Fall of Angels (The Saga of Recluce #6)(95)



"You drank that quickly," said Ryba. "You would too, if you'd dived into a snowbank and gotten stuck there."

"You wouldn't have had that problem," pointed out Ryba, "if you'd started trying to learn earlier."

Nylan took another sip of the tea. Ayrlyn had already told him as much, far earlier, and he supposed he deserved the reminder, but skiing was a pain, however necessary it might prove.

Ryba raised her eyebrows.

"How were the bows in the cold?" he asked, hoping to change the subject.

"The bows are really good in the cold," Istril said from the foot of the first table.

Nylan nodded. While he hadn't thought about that, both the composite and the endurasteel had been designed to handle the chill of space and the heat of high-temperature reentry, which would make them ideal for the chill of the winter on the Roof of the World.

"Gerlich's already snapped one of his great wooden bows in the cold," Istril added in a lower voice, after looking around and not seeing the hunter. "I'll bet the new bows would be really good in cold-weather warfare."

"Is anyone else crazy enough to be out in this weather?" asked Nylan.

"Well . . . they're good for hunting, too. Even Fierral thinks so, and she's pretty hard on everything."

"Is there that much out in the woods?"

"More than you'd suspect, from the tracks, and that's good for us. You saw the deer. That's a couple of meals, at least, even for twenty of us. There's also a snow cat, almost all white, with big spread paws and claws. I don't know how good the meat is, but I'd bet the fur is warm."

Nylan nodded. After his brief excursion, a warm coat sounded better than wool or a ship jacket, a lot better.





L



NYLAN FASTENED THE ship jacket and pulled on the crudely lined boots that he wore everywhere, even inside the tower. His fingers crossed his stubbly chin, but the chill was so great, even with the heat from the bathhouse stove, that he had not shaved, but only washed his face and hands, before hurrying back up to the tower's top level to dress for the cold day ahead.

The heat from the furnace removed the biting chill of the wind that howled outside the tower's walls, but Nylan's breath turned into a frosty cloud when he stepped away from the heated center of the tower and up to the sole top-level armaglass window to check the sealing. He half rubbed, half scraped away the frost to look outside, but cold air rolled off the glass, and frost re-formed almost as fast as he removed it. Through the little area he could keep clear, he could only see white-white and more white.

For more than two days, the white barrage had continued, and Nylan wasn't certain how much of the snow was new and how much just snow picked up by the roaring wind and flung-and reflung-against the walls.

Most of the exterior tower walls had a spotty coating of ice on the inside stone, except in the kitchen and the furnace room. Kyseen and Kadran had plenty of guards-especially the newer ones-ready to saw and split wood in return for a place around the stove. The number of people willing to work on partitions and stools, or other wooden necessities, in the workroom off the furnace had never been higher. Could it be the warmth? Nylan grinned at the thought, even as he readied himself to head down to join them.

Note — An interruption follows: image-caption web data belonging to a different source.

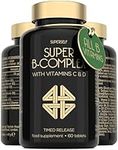 Vitamin B Complex High Strength - Slow Release Super B Complex 60 Tablets - Enriched with Vitamins D & C - Complete Vit B Supplement All 8 Vitamin B12, B6, Folic Acid, Biotin, B1, B2, B3, B5 - UK Made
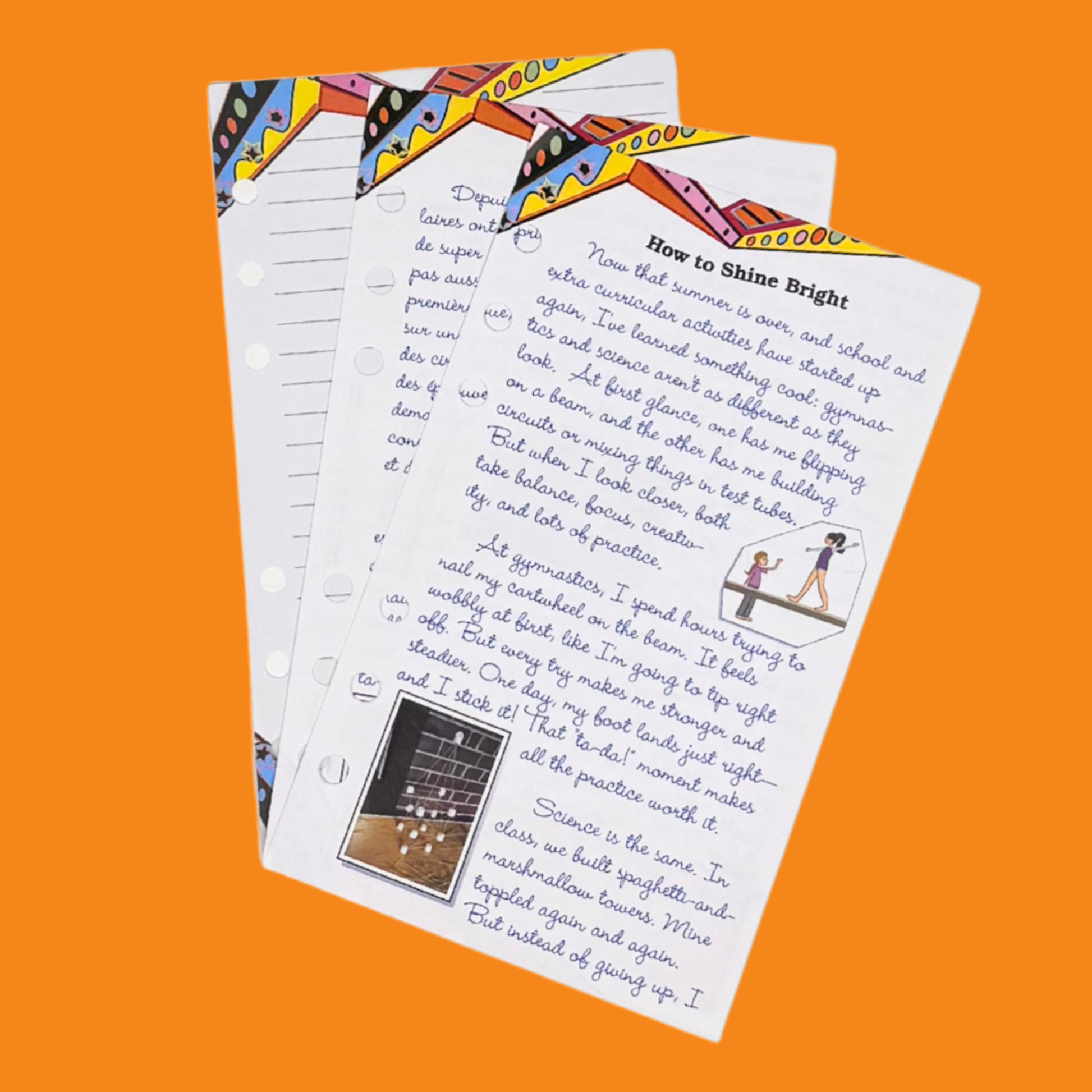 Shine bright gymnastics outfit journal pages.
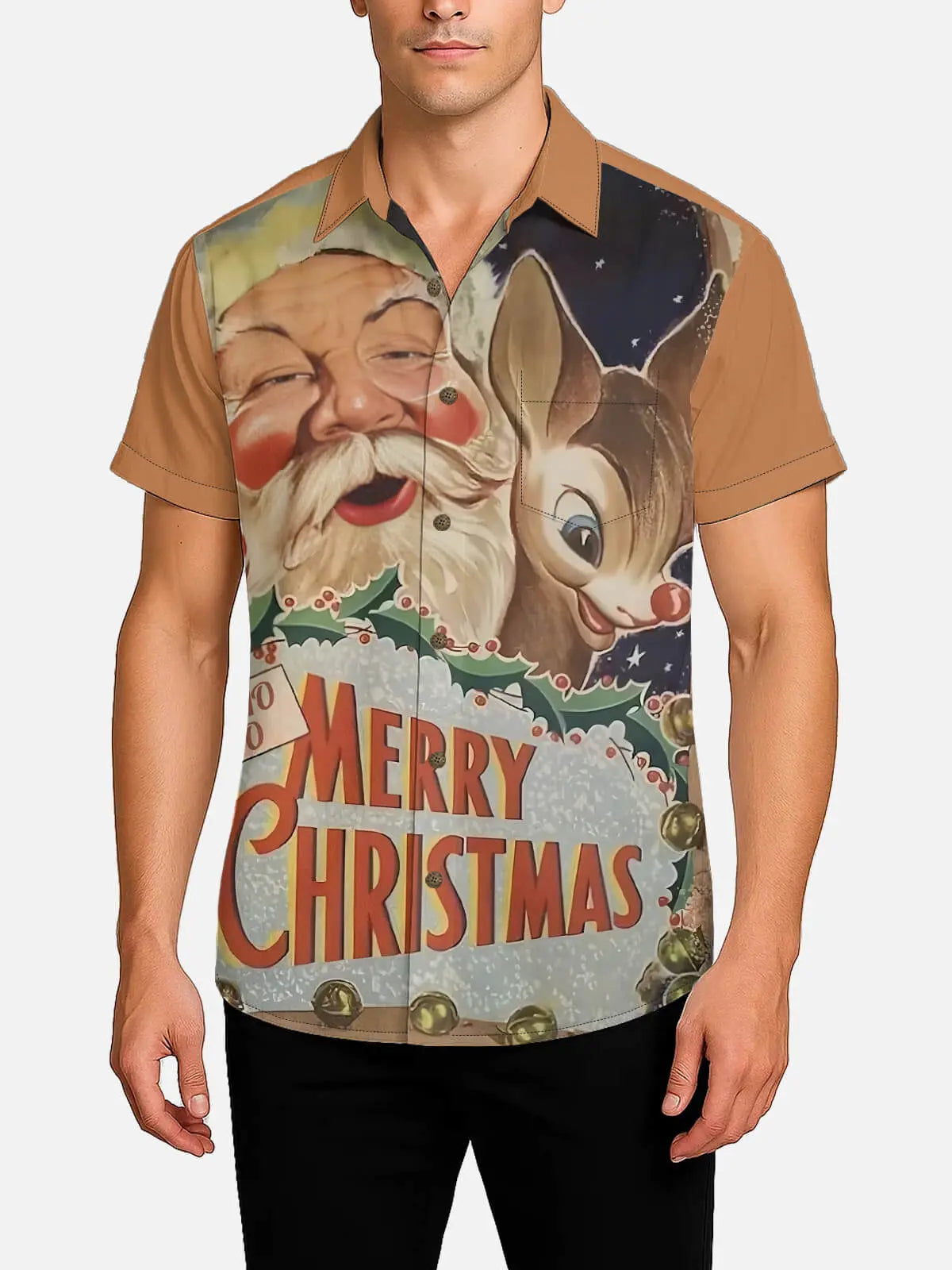 Christmas Shirt Vintage Santa Artwork in Big and Tall Sizes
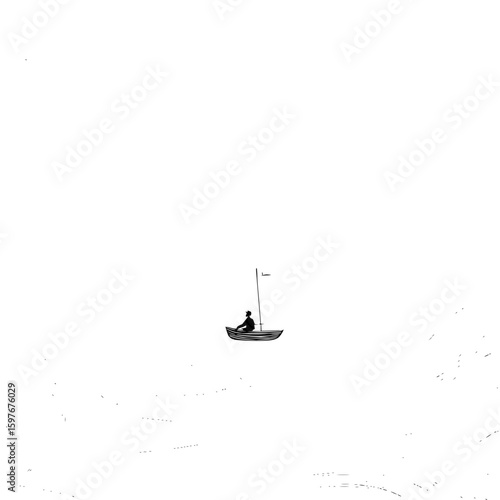 Silhouette of a person sailing in a small boat with a flag on a vast white expanse of water surface
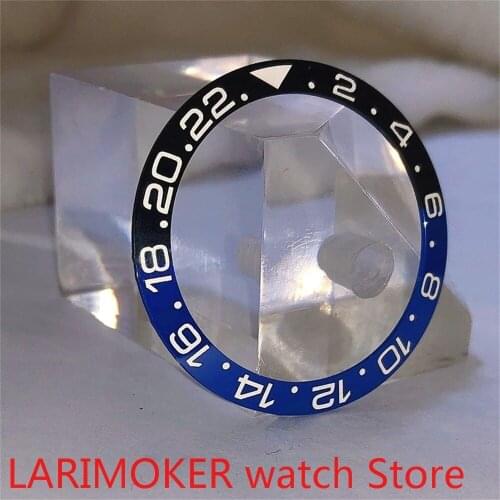 BLIGER brand new high-quality 38mm black blue rotating glass bezel, suitable for 40mm self-winding mens watches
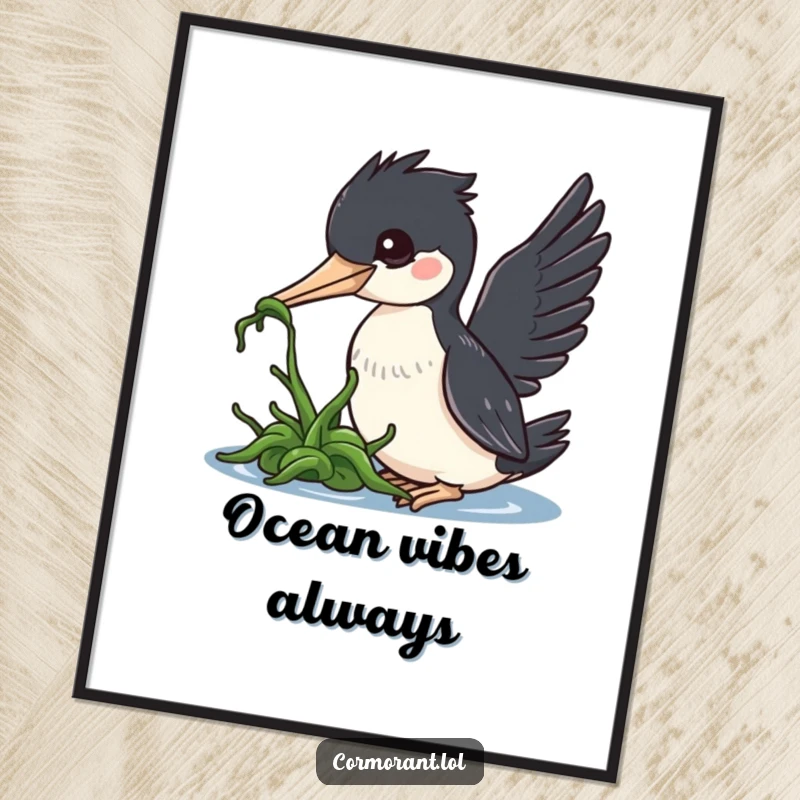Funny cormorant digital art print, a kawaii bird nudging seaweed, a charming and humorous illustration for easy printing.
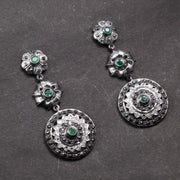 Art Deco celestial star pendant necklace with diamond circle charm, handmade dainty astrology jewelry gift for her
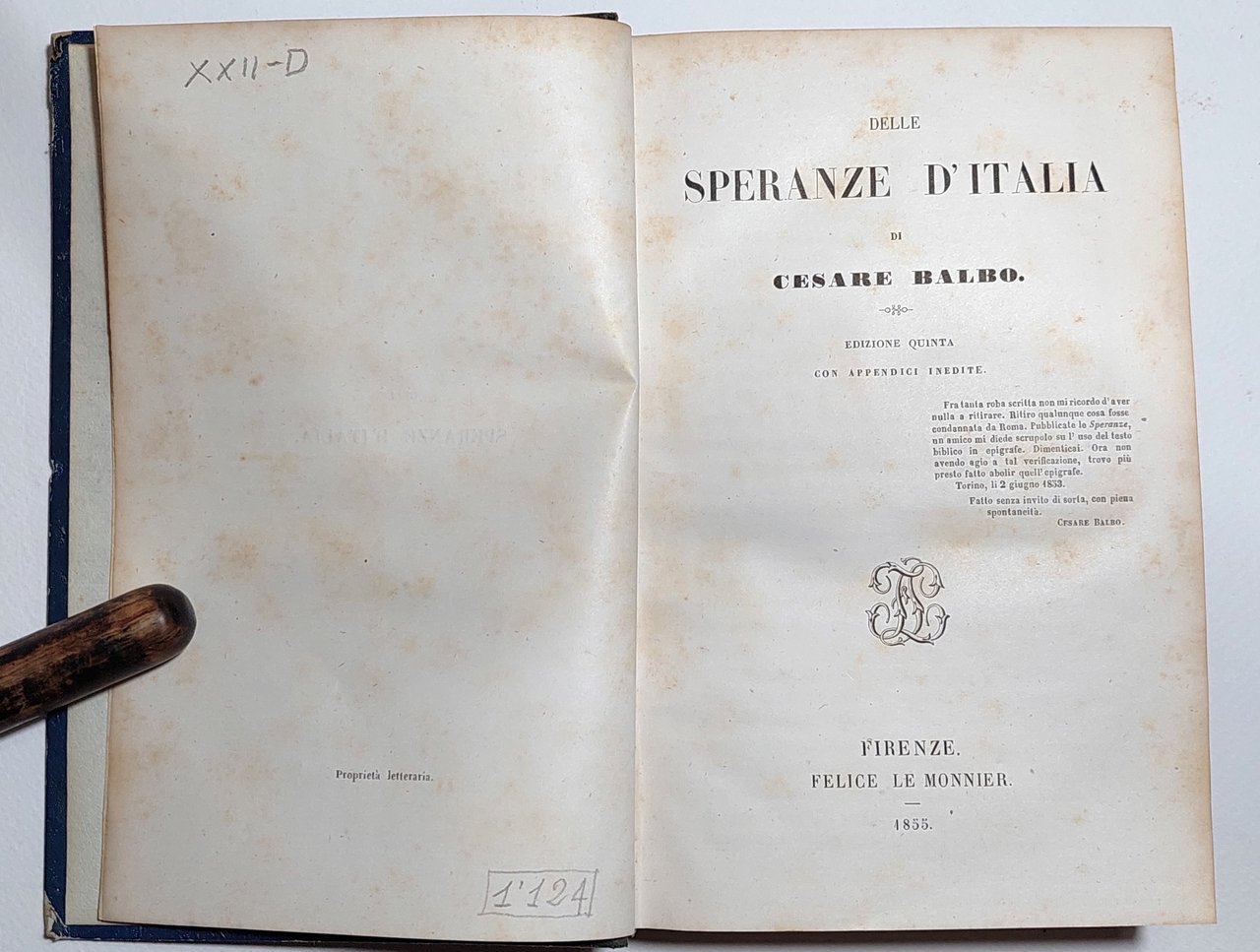 Delle speranze di Cesare Balbo Con appendici inedite 5° edizione …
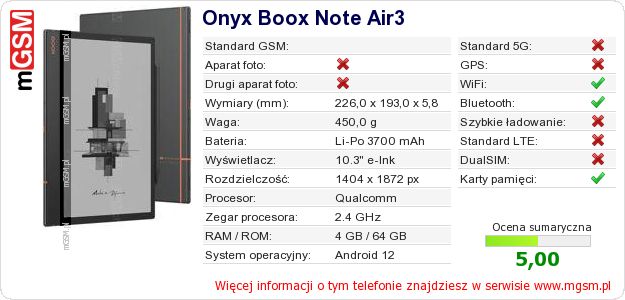 Dane telefonu Onyx Boox Note Air3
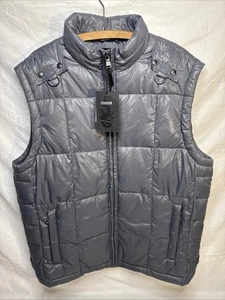 NWT Raw Blue Premium RB Gray Puffer Vest Men's 2XL Vintage Y2K Streetwear - Picture 1 of 19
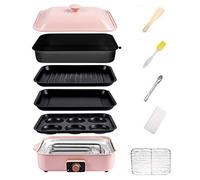 Electric BBQ Grill and Hot Pot Cooker, 4 in 1 Multifunction Non-Stick Multi Plate Set for Indoor and Outdoor Cooking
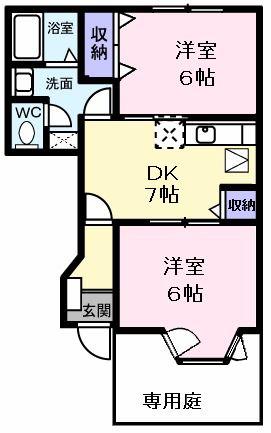 ゼルコヴァ(2DK/1階)の間取り写真
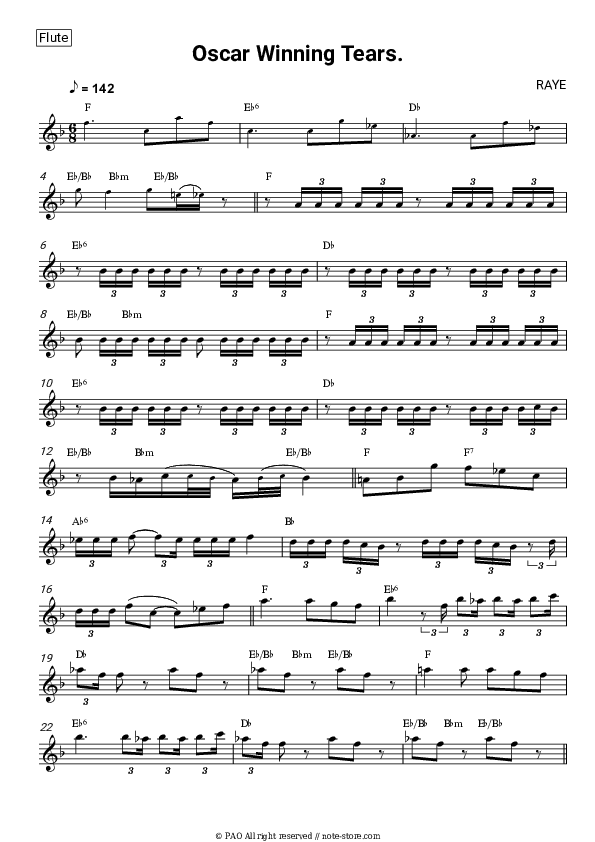 Oscar Winning Tears. - Raye Flute Sheet Music - Flute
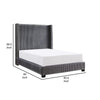 Leny King Size Bed Dark Gray Velvet Upholstery Tall Shelter Headboard By Casagear Home BM316822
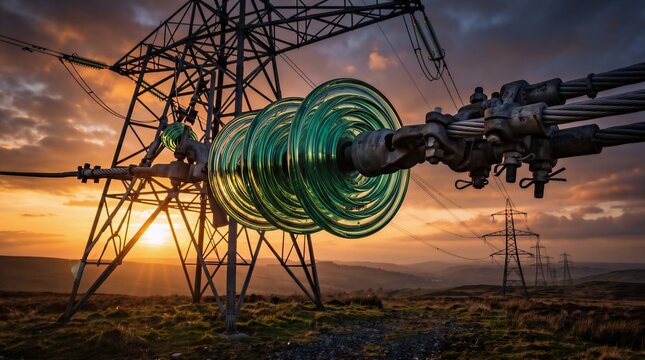 High voltage electrical power pylon with green glass insulator discs glowing against vibrant sunset sky background providing energy infrastructure across remote rural countryside landscape.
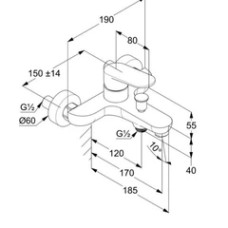 Зміш. для ванни з коротким гусаком KLUDI X1 хром (326910575)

Ryba was below somewhere; she hadn't said where she was going, but, with the storm still going, she was somewhere in the tower.

A figure huddled by the furnace duct on the fifth level. Nylan paused on the steps. "Relyn?"

"Ser?" The red-haired man stood with his cloak wrapped around him. "A man can never get warm here. It's too cold to do anything except be miserable, and just warm enough so that you never quite freeze." He jerked his head toward the single shuttered window. "I can't even leave. Twenty steps in that, and they'd find me frozen in a block of ice come spring."

Nylan sat on a step, and Relyn sat on the other edge.

"Why are you up here?" asked the engineer.

"It's the only place where I can be alone. Sometimes . . ." Relyn shook his head.

"I'm surprised that you haven't gotten close to one of the guards."

"It is ... hard ... to think about, as you put it, getting close to someone who could kill you with one blow."

"Why?" asked Nylan. "Anyone you sleep with anywhere could kill you."

"You always bring up disturbing points, Mage. At home, when I had a home, should anyone have killed me, they would have been tortured and then killed."

"If anyone killed you here, she'd be punished. What's the difference?"

"It is different," pointed out Relyn.

"I suppose so. Here you have to trust someone else, under a ... ruler . . . you don't know. I think that means you've never really trusted anyone." Nylan stood up.

"Mage . .. were you in Carpa, I would challenge you."

"For what? Is the truth so terrible? Most people with power always say they trust people, and what they mean is that they only trust them so long as they control them. True trust occurs only when you have no control."

"I'd rather have control."

"We all would . . . but even that's an illusion a lot of the time." Nylan recalled Ryba's struggle with her visions. "Even for rulers. If a ruler taxes his people too heavily, some will revolt, and he must kill them."